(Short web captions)
►

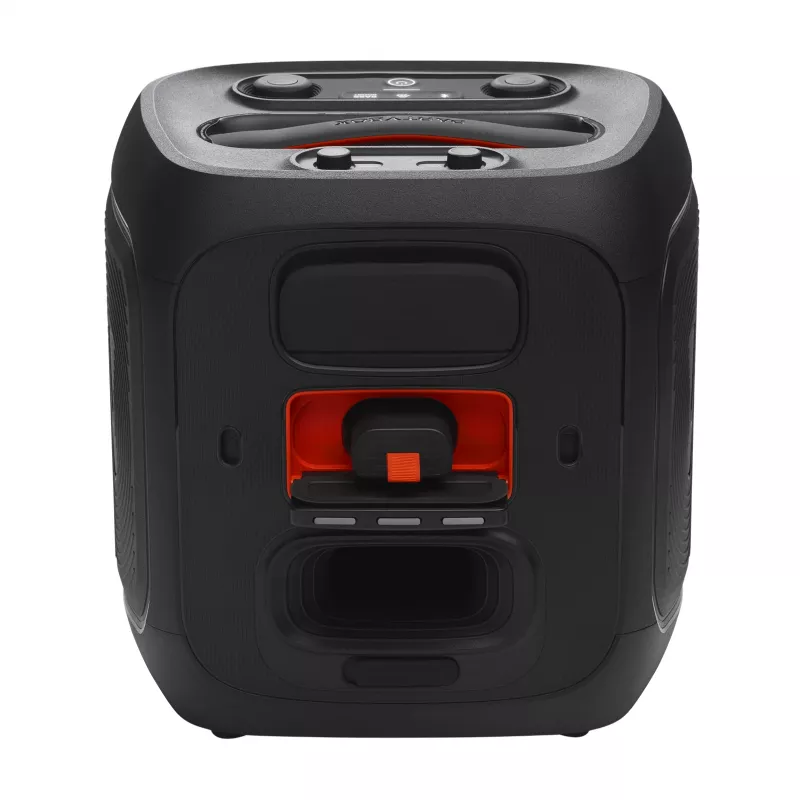 Altavoz portátil mono JBL Encore 2 negro — 100 W, resistente a salpicaduras, Bluetooth y cable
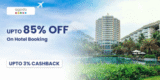 Upto 85% Off On Hotel Booking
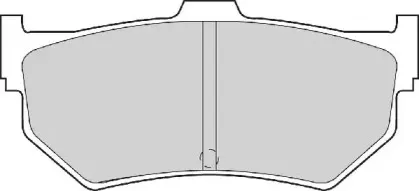 Комплект тормозных колодок, дисковый тормоз NECTO купить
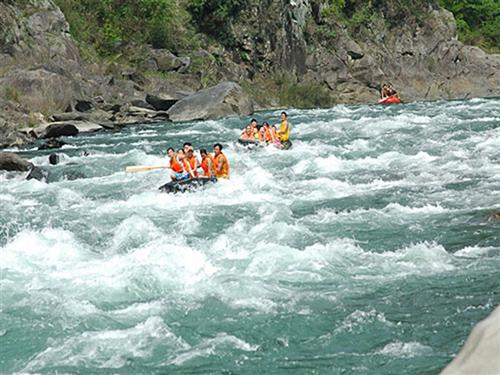 河北漂流好去处让你清凉过夏天！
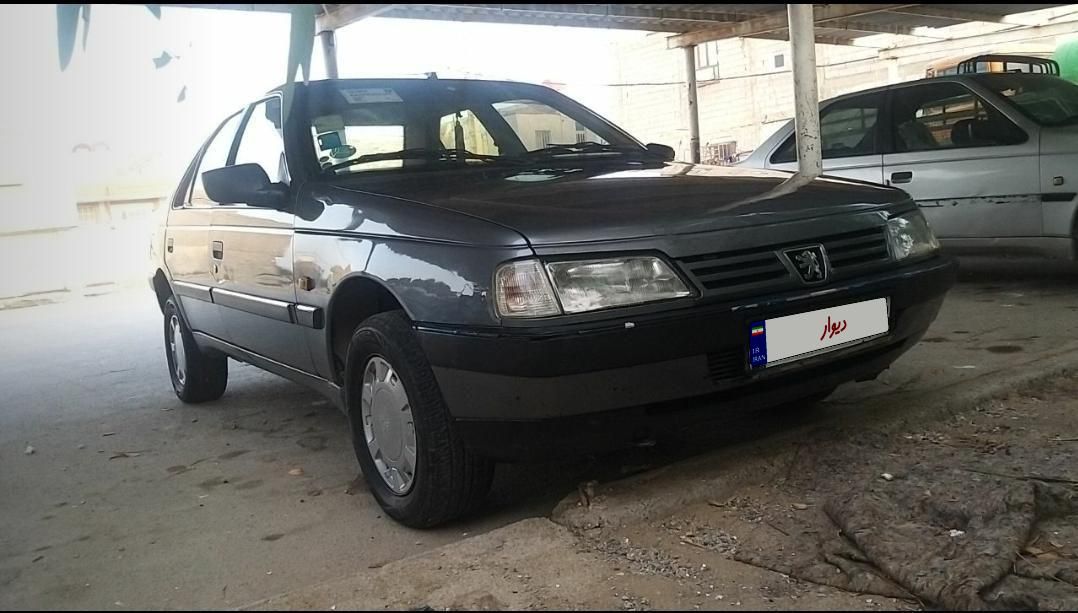 پژو 405 بنزینی GLX - TU5 - 1389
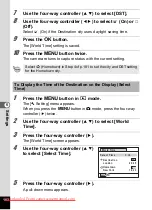 Preview for 184 page of Pentax OPTIO VS20 Operating Manual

◄

• _Task directions_: Pictures do not belong in your copy; restate word for word the lines from the one containing "پژو 405 بنزینی GLX - TU5 - 1389" through the last line of the records above.

• _Response below_:
 پژو 405 بنزینی GLX - TU5 - 1389
 Preview for 184 page of Pentax OPTIO VS20 Operating Manual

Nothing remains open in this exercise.